Nonverbal Communication among French and Indigenous Peoples in the Americas

Céline Carayon

Publisher: University of North Carolina Press
Imprint: Omohundro Institute and University of North Carolina Press
Published: 08/2019
Pages: 472
Subject: History | University of North Carolina
Print ISBN: 9781469652627
eBook ISBN: 9781469652634

DESCRIPTION

Taking a fresh look at the first two centuries of French colonialism in the Americas, this book answers the long-standing question of how and how well Indigenous Americans and the Europeans who arrived on their shores communicated with each other. French explorers and colonists in the sixteenth century noticed that Indigenous peoples from Brazil to Canada used signs to communicate. The French, in response, quickly embraced the nonverbal as a means to overcome cultural and language barriers. Celine Carayon's close examination of their accounts enables her to recover these sophisticated Native practices of embodied expressions.
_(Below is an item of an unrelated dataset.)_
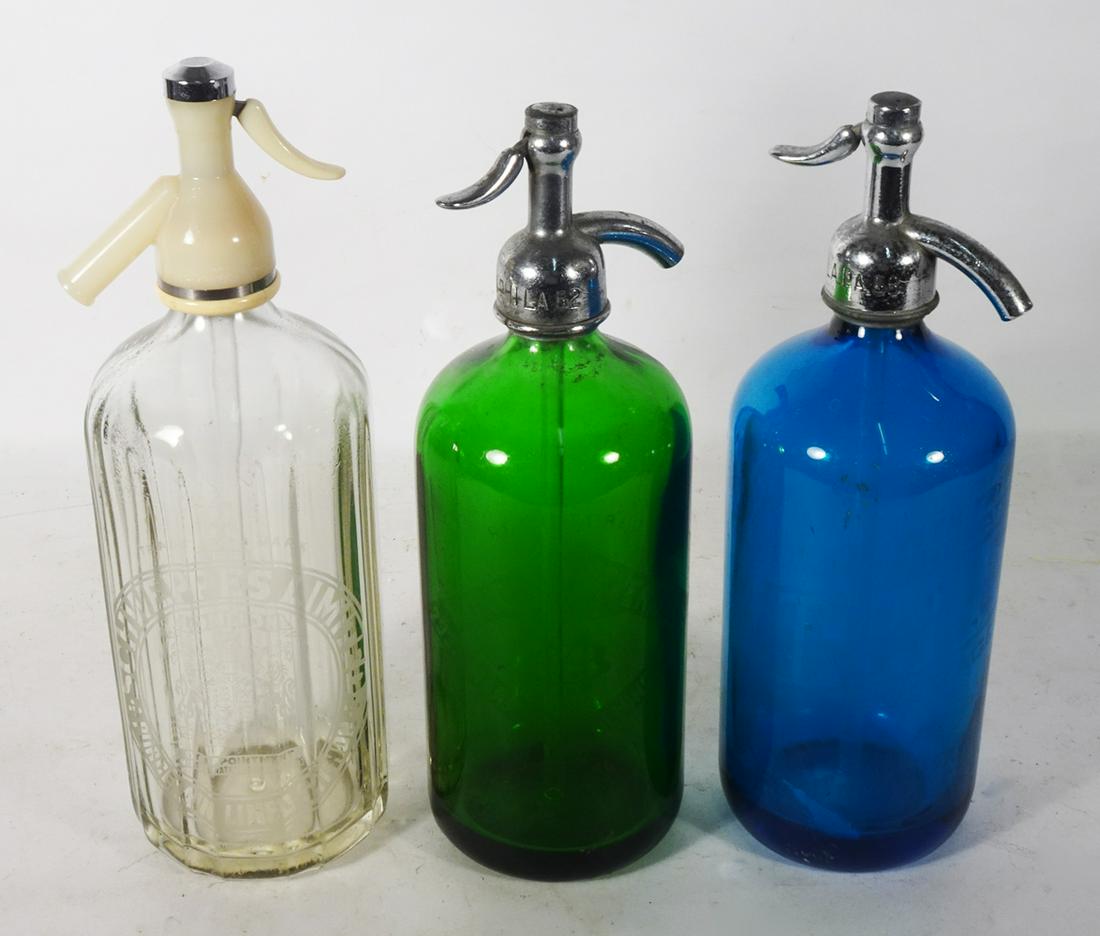 Three Piece  Glass Seltzer Bottle Lot (1 of 4)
In a colonial world where communication and trust were essential but complicated by a multitude of languages, intimate and sensory expressions ensured that French colonists and Indigenous peoples understood each other well. Understanding, in turn, bred both genuine personal bonds and violent antagonisms. As Carayon demonstrates, nonverbal communication shaped Indigenous responses and resistance to colonial pressures across the Americas just as it fueled the imperial French imagination. Challenging the notion of colonial America as a site of misunderstandings and insurmountable cultural clashes, Carayon shows that Natives and newcomers used nonverbal means to build relationships before the rise of linguistic fluency--and, crucially, well afterward.

ABOUT THE AUTHOR

Céline Carayon is associate professor of history at Salisbury University.

REVIEWS

“Céline Carayon sheds valuable new light on an old subject: cultural exchange between Amerindians and Europeans in the age of early modern empire. Drawing from a rich array of sources, she uncovers heretofore unexplored forms of nonverbal communication and shows how decisively Indigenous peoples shaped these interactions. Powerfully argued, Eloquence Embodied calls on us to rethink the history of language in colonial contexts.”